[Short text fragments from websites]
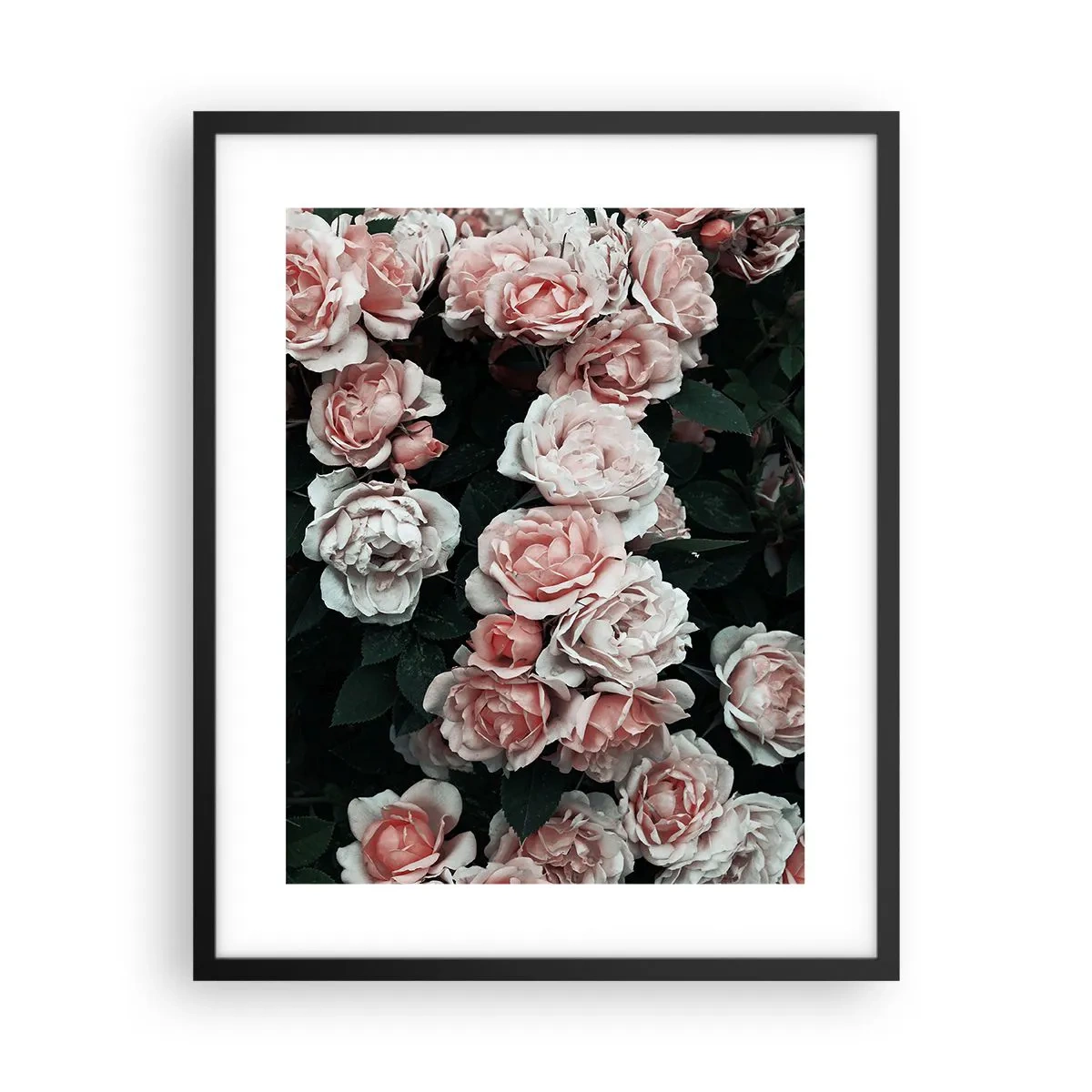 Póster en marco negro - Conjunto de rosas - 40x50 cm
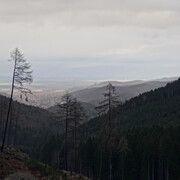 dsc03506.jpg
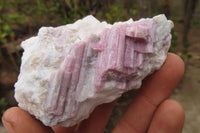 Natural Rubellite Pink Tourmaline Matrix Specimens x 12 From Namibia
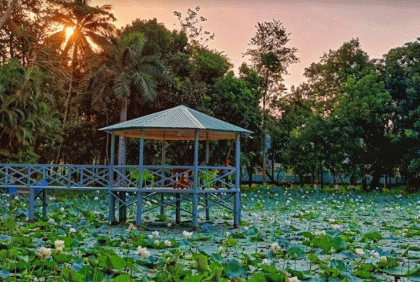 পদ্মপুকুরের ‘শ্বেতপদ্মে’ মুগ্ধ দর্শনার্থীরা 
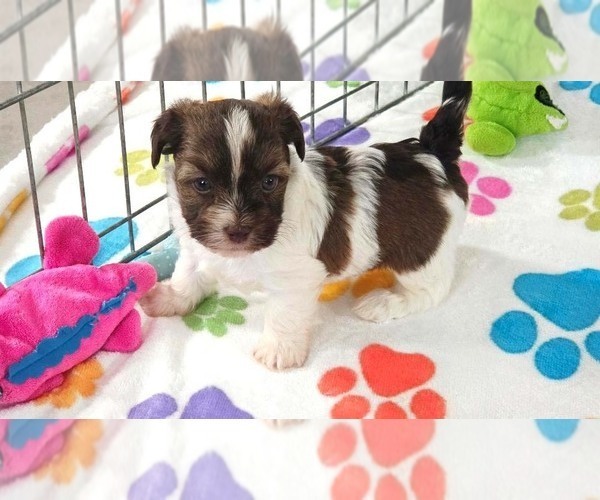 Medium Photo #2 Havashire Puppy For Sale in ORO VALLEY, AZ, USA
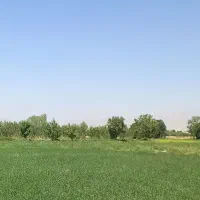 سرایداری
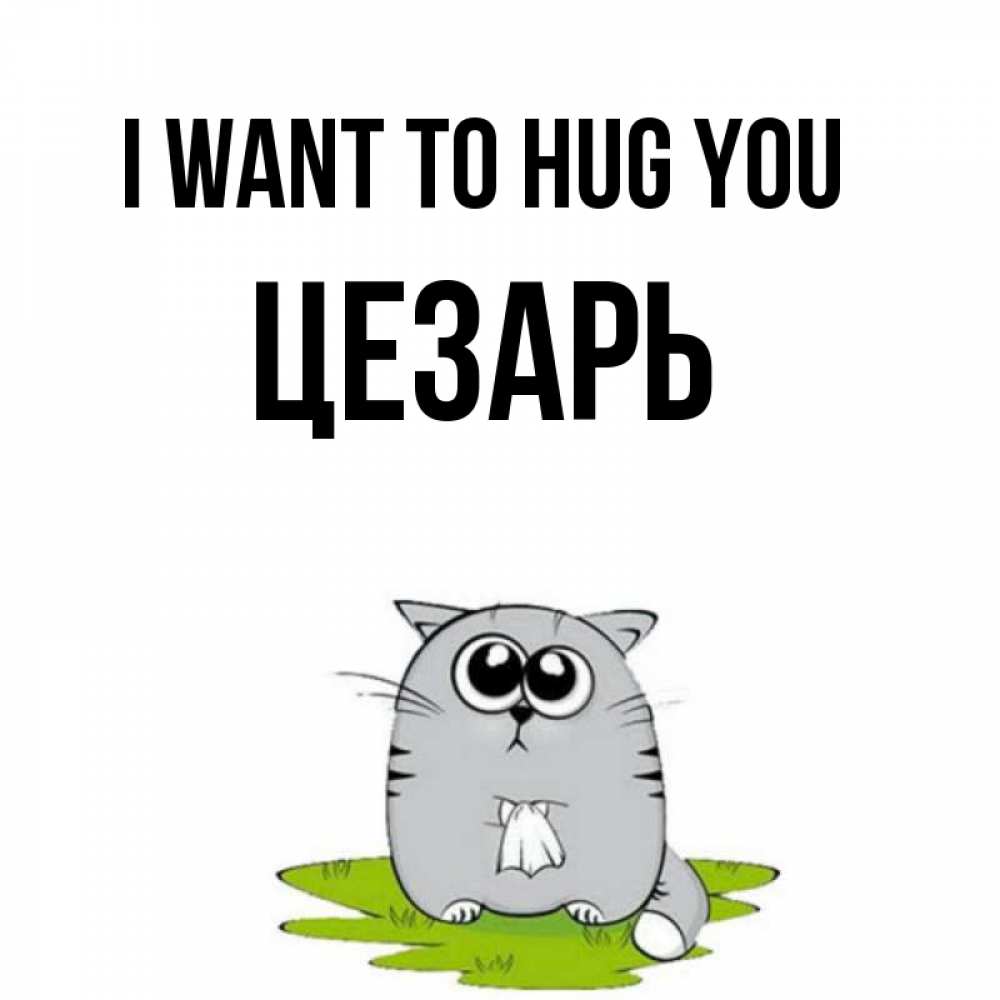 Greetings card с именем, Цезарь I want to hug you котик теребит платочек сидя на травке Greetings with text for free download 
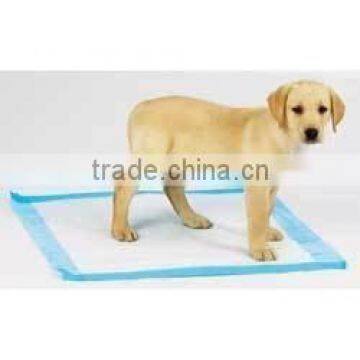 60*60cm puppy training pad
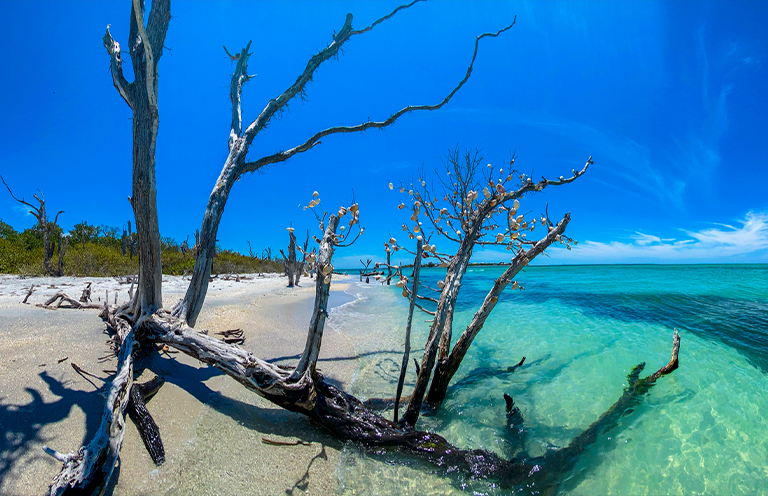 Cayo Costa State Park on North Captiva Island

__TASK TO COMPLETE__
Your reply should give again exactly the lines from the one with "Natural Rubellite Pink" through the last line of the data, with both ends included and pictures left out.

__TASK OUTPUT__
 Natural Rubellite Pink Tourmaline Matrix Specimens x 12 From Namibia
 পদ্মপুকুরের ‘শ্বেতপদ্মে’ মুগ্ধ দর্শনার্থীরা 
 Medium Photo #2 Havashire Puppy For Sale in ORO VALLEY, AZ, USA
 سرایداری
 Greetings card с именем, Цезарь I want to hug you котик теребит платочек сидя на травке Greetings with text for free download 
 60*60cm puppy training pad
 Cayo Costa State Park on North Captiva Island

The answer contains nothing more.